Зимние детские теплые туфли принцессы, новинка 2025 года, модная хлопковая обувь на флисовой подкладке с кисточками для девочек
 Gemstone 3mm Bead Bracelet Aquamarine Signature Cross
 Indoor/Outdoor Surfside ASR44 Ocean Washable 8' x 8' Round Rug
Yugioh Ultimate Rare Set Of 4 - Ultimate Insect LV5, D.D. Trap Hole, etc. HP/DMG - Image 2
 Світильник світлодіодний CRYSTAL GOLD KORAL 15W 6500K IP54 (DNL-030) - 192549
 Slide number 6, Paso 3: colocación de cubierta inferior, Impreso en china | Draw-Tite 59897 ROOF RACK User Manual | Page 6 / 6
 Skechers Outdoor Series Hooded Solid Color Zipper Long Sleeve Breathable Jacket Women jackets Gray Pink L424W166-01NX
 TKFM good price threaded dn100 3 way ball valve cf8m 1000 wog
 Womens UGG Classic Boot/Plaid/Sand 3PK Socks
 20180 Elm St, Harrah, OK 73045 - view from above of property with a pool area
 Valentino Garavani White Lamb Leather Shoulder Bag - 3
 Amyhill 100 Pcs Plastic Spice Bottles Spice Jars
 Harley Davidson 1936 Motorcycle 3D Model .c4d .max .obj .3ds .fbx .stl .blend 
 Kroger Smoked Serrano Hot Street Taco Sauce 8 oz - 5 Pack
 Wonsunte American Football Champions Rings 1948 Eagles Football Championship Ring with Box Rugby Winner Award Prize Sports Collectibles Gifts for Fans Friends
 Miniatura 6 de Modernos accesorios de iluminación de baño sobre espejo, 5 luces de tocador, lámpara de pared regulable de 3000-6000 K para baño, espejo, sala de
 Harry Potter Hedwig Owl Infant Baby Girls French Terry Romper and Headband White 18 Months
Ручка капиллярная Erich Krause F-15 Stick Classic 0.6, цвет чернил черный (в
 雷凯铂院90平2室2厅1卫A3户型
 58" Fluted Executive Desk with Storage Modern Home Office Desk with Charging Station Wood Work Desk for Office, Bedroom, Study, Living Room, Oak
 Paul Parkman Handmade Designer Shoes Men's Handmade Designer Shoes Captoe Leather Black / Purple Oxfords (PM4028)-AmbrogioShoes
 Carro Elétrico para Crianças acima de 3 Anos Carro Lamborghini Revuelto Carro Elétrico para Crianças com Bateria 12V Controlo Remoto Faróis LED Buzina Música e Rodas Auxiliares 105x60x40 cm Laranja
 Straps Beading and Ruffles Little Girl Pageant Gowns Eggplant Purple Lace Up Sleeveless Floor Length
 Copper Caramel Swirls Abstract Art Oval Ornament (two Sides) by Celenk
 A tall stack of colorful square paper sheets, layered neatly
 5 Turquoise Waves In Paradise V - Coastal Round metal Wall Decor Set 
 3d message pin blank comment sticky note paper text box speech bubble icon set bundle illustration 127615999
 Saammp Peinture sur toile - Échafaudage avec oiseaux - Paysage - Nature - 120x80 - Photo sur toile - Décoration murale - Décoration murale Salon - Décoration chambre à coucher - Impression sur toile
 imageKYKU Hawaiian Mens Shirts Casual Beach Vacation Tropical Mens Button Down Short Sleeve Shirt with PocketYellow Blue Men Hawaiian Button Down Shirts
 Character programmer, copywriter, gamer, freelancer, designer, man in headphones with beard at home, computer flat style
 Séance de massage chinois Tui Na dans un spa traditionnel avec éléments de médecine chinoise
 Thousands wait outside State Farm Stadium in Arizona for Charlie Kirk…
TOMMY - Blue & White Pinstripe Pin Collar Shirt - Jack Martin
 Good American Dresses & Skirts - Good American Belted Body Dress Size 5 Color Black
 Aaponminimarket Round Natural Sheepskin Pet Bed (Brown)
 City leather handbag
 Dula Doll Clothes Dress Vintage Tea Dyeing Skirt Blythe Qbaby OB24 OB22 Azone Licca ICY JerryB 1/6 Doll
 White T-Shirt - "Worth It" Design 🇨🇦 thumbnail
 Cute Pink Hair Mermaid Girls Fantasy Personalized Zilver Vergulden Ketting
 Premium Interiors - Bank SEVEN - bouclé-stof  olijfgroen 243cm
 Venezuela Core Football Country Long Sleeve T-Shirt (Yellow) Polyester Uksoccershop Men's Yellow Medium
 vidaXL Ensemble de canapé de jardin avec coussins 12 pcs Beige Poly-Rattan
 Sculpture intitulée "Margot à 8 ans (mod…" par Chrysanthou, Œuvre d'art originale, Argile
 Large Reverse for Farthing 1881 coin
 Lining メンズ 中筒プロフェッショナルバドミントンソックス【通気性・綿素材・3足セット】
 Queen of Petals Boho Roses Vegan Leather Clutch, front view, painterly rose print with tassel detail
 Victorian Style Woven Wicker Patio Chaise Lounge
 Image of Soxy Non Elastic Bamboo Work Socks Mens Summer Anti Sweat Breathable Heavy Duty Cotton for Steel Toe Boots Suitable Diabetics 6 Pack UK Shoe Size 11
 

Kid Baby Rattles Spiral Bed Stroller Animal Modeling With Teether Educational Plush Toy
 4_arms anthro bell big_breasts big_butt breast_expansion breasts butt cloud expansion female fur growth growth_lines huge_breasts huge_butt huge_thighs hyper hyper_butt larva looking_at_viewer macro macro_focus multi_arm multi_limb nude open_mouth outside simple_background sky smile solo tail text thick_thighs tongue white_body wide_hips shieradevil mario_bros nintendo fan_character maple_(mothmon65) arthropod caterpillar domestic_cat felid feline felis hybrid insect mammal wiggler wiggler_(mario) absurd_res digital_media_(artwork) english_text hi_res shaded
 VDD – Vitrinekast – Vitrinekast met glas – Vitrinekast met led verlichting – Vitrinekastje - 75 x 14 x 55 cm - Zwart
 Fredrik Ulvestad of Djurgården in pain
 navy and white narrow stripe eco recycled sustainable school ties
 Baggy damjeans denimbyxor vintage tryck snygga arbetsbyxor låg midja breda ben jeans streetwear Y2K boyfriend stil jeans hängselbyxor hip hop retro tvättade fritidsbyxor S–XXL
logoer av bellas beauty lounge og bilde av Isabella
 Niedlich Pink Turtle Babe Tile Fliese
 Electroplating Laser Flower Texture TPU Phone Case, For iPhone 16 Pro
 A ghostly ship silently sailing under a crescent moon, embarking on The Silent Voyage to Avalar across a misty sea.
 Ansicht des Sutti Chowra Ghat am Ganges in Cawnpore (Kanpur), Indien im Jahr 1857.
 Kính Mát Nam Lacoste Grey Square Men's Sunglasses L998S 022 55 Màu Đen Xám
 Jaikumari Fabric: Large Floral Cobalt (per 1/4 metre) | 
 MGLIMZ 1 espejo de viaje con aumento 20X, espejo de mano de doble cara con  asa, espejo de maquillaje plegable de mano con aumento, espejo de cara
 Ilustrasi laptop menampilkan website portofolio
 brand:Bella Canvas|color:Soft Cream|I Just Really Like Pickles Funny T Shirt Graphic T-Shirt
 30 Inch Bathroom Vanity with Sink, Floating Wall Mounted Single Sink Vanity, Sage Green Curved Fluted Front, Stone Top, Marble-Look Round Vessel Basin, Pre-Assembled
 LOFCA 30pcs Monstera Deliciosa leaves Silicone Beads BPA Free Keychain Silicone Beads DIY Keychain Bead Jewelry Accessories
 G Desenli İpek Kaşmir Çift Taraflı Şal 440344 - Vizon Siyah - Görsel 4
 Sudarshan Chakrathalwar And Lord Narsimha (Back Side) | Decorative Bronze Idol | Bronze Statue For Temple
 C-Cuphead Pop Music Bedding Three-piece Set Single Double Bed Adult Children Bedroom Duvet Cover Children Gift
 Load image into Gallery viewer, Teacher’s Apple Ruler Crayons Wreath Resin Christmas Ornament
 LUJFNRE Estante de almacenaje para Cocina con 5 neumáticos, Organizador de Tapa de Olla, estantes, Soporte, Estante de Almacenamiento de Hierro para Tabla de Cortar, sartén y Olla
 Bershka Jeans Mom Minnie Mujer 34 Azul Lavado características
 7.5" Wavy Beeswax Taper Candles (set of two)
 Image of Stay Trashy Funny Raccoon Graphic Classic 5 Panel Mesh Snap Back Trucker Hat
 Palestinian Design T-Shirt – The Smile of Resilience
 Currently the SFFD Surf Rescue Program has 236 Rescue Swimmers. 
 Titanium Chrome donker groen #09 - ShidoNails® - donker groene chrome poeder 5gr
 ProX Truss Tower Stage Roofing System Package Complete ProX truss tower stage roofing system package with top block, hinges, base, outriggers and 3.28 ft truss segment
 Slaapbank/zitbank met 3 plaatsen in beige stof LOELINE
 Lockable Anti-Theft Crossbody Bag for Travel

____________

EXERCISE INSTRUCTIONS
Exactly the lines above from the one with "brand:Bella Canvas|color:Soft Cream|I" to the one with "Palestinian Design T-Shirt", both included, are to be quoted; leave the rest out.

RESULT BELOW
 brand:Bella Canvas|color:Soft Cream|I Just Really Like Pickles Funny T Shirt Graphic T-Shirt
 30 Inch Bathroom Vanity with Sink, Floating Wall Mounted Single Sink Vanity, Sage Green Curved Fluted Front, Stone Top, Marble-Look Round Vessel Basin, Pre-Assembled
 LOFCA 30pcs Monstera Deliciosa leaves Silicone Beads BPA Free Keychain Silicone Beads DIY Keychain Bead Jewelry Accessories
 G Desenli İpek Kaşmir Çift Taraflı Şal 440344 - Vizon Siyah - Görsel 4
 Sudarshan Chakrathalwar And Lord Narsimha (Back Side) | Decorative Bronze Idol | Bronze Statue For Temple
 C-Cuphead Pop Music Bedding Three-piece Set Single Double Bed Adult Children Bedroom Duvet Cover Children Gift
 Load image into Gallery viewer, Teacher’s Apple Ruler Crayons Wreath Resin Christmas Ornament
 LUJFNRE Estante de almacenaje para Cocina con 5 neumáticos, Organizador de Tapa de Olla, estantes, Soporte, Estante de Almacenamiento de Hierro para Tabla de Cortar, sartén y Olla
 Bershka Jeans Mom Minnie Mujer 34 Azul Lavado características
 7.5" Wavy Beeswax Taper Candles (set of two)
 Image of Stay Trashy Funny Raccoon Graphic Classic 5 Panel Mesh Snap Back Trucker Hat
 Palestinian Design T-Shirt – The Smile of Resilience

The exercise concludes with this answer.